You remember that in the first quarter of 2014, Hawaii Gas EBITDA declined by 4.6% versus Q1 2013. We attributed that decline to supply chain disruptions and historically anomalous commodity fluctuations, and said that we were confident the business would rebound.
Some of you rightly asked whether Hawaii Gas had lost its mojo. Happily, the business did rebound, and Hawaii Gas EBITDA was up 31.3% in the second quarter versus the first quarter -- versus the second quarter of last year. Year-to-date Hawaii Gas EBITDA is up 10.5% versus the first half of 2013 and the business clearly has its mojo back. Jay has asked me to remind you that mojo is a non-GAAP term.
The headline 5.6% increase in both the volume of gas sold in the non-utility portion of the business reflects both the outright increase in volume and the change in customer tank inventory levels. Excluding the change in customer tank inventory levels, the volume increase was 3.1%.
Said another way, the volume of gas sold in the quarter includes that which was consumed in the current and prior quarters in which the tanks were not filled as much. This is a normal consequence of the volatility of supply. If local supplies are not particularly stable, then tank left fill levels will be allowed to drop lower in order to accommodate the influx of large shipments from off-island sources.
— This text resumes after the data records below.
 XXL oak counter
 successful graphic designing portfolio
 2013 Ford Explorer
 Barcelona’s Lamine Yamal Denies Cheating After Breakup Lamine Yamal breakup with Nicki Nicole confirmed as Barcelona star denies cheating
As a result of the improved stability in local supplies of propane, Hawaii Gas sourced a considerably smaller portion of its total propane sold in the second quarter from off-island sources as compared with the second quarter in 2013, and indeed as compared with the first quarter of this year.
The risk of future supply interruptions in local supplies remains however. In an effort to mitigate this risk, Hawaii Gas will continue to develop additional storage capacity that will provide it with large reserve and the ability to accept larger off-island shipments. In addition to improving the businesses ability to meet local demand, the increased capacity makes it possible for Hawaii Gas to lower its unit cost of purchasing propane from off-island sources.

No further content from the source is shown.